Arriva un punto in cui ci si rende conto che, una delle cose più difficili, è “lasciar andare”.
Sto seguendo il caso di una cliente che, dopo aver raggiunto una buona posizione all’interno di una azienda, dopo quindici anni di permanenza, soffre del fatto che il tempo da dedicare alla sua famiglia, in particolare, due bimbi piccoli, non è sufficiente.
Un’attività frenetica in ufficio, molte responsabilità, collaboratori difficili da gestire, limitate gratificazioni, poche prospettive di carriera, un grande senso del dovere che si traduce nel rispondere a mail/telefonate e lavoro anche al di fuori del proprio orario (nel fine settimana!), l’hanno messa in allarme.

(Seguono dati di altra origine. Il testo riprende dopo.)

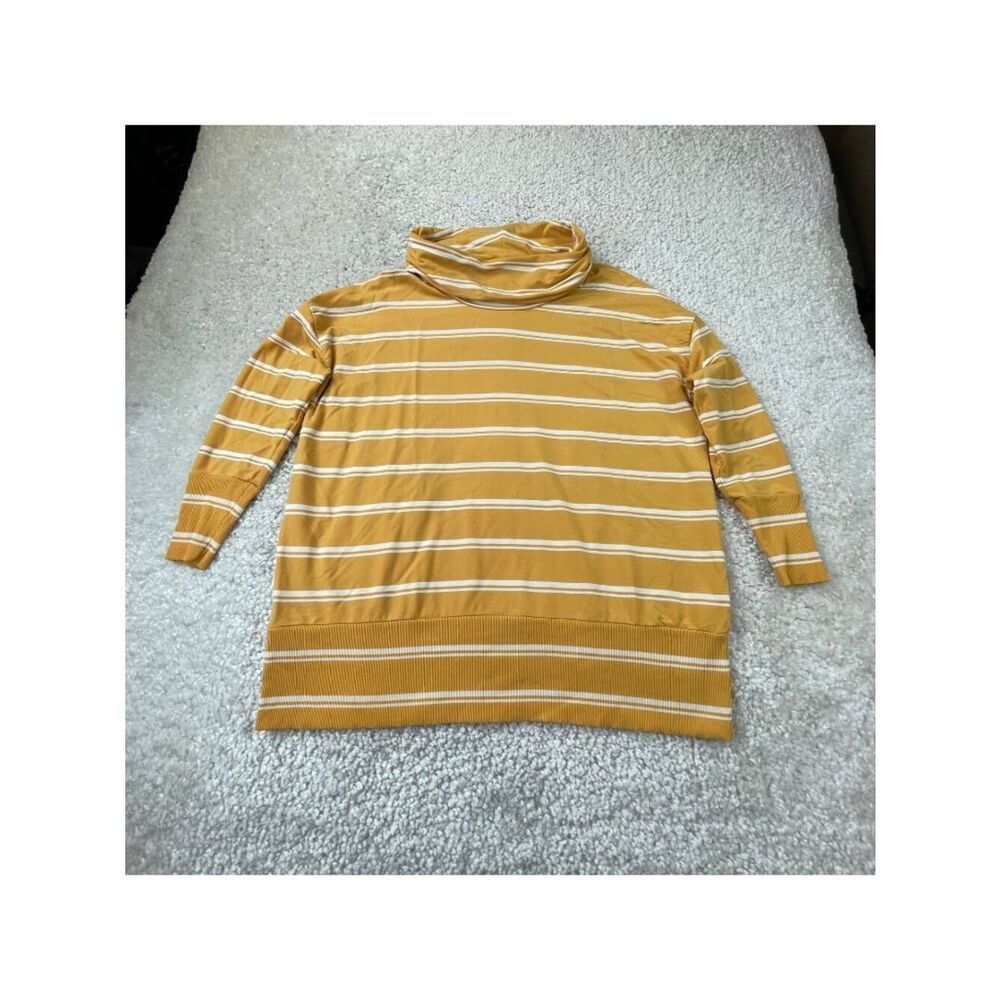 Garnet Hill Cowl Neck Striped Tunic Sweatshirt Top Yellow Womens Medium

Ma, soprattutto e più di tutto, la mancanza di tempo da dedicare alla crescita dei propri figli. Il senso di colpa, la consapevolezza che questi anni persi non torneranno più indietro, l’hanno posta davanti al dilemma, portare avanti questo lavoro o cercare una nuova opportunità per riuscire ad avere tempo da dedicare alla famiglia?
Non è semplice arrivare a questo tipo di decisione perché dietro una posizione di lavoro, ci sono sacrifici, rinunce, ma anche soddisfazione per i risultati raggiunti, una parte di sé che si identifica con il “ruolo” ricoperto in azienda.

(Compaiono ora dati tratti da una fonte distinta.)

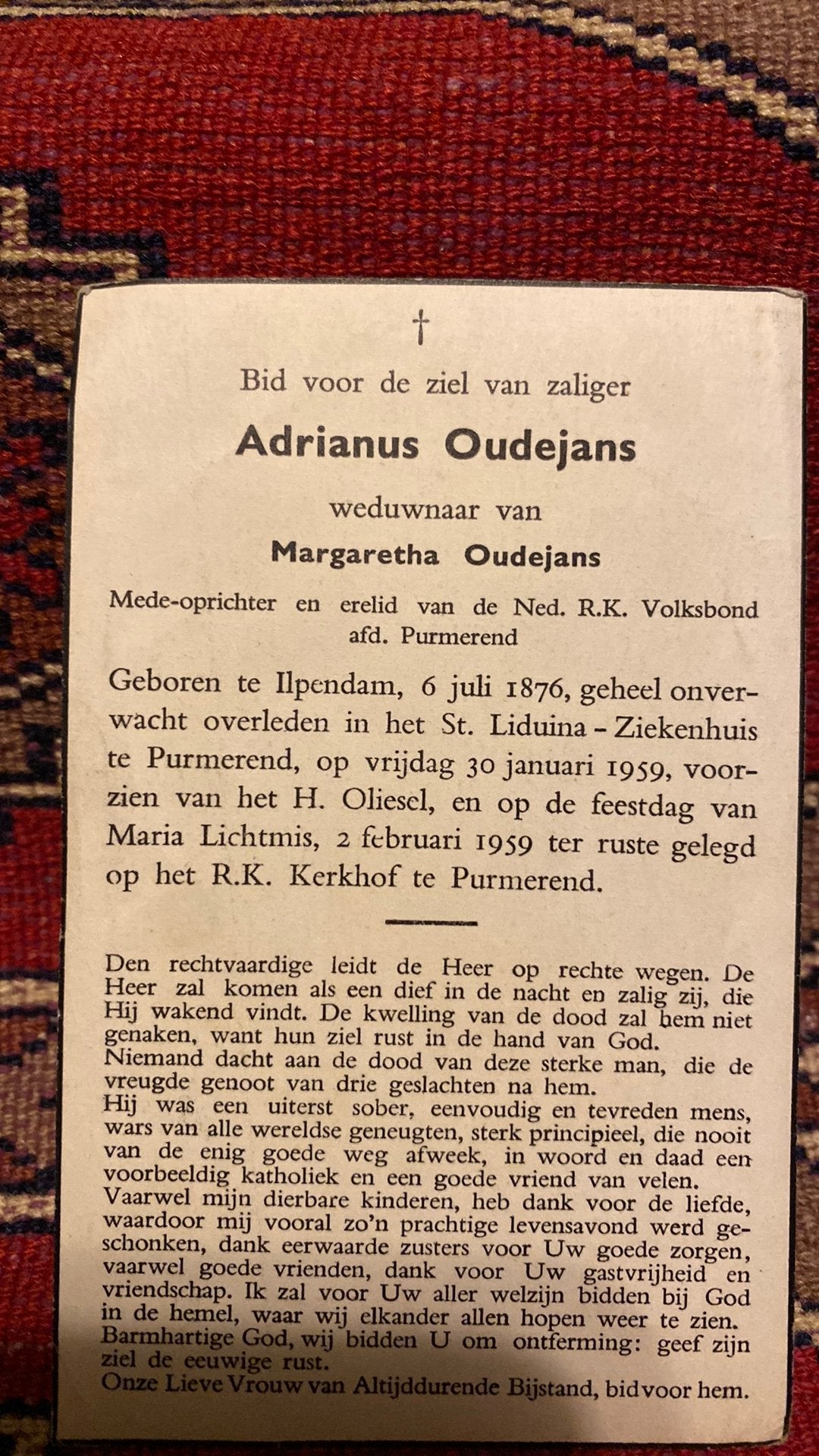A Oudejans 1876 Ilpendam 1959 Purmerend, Ophalen of Verzenden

Noi non siamo il lavoro che svolgiamo. Ma, molto altro.
Certo, in un mondo ideale, una mamma lavoratrice, dovrebbe avere, da parte dell’azienda, maggiore flessibilità nel poter facilmente, ad esempio, lavorare da casa. Ma quando sei un “capo” in azienda, questo spesso (quasi sempre) non è possibile…
La mia cliente, dopo un grande crisi interiore, ha scelto la sua famiglia. La sto accompagnando in questa ricerca e già intravedo in lei grande serenità, solo all’idea del tempo che potrà recuperare.
Accettare che le cose non vadano come avremmo voluto, saper quali sono le nostre priorità, scegliere che cosa è importante per noi, avere la consapevolezza che non possiamo controllare tutto e che anzi, in alcuni casi, è necessario “saper lasciare andare”, è una conquista enorme.
Lasciar andare anche ciò che si è amato, ciò per cui si è lottato ma che non ci fa stare più bene, ci rende umani, fallibili, imperfetti.
Questa ci insegna la vita, ad abbracciare l’imperfezione.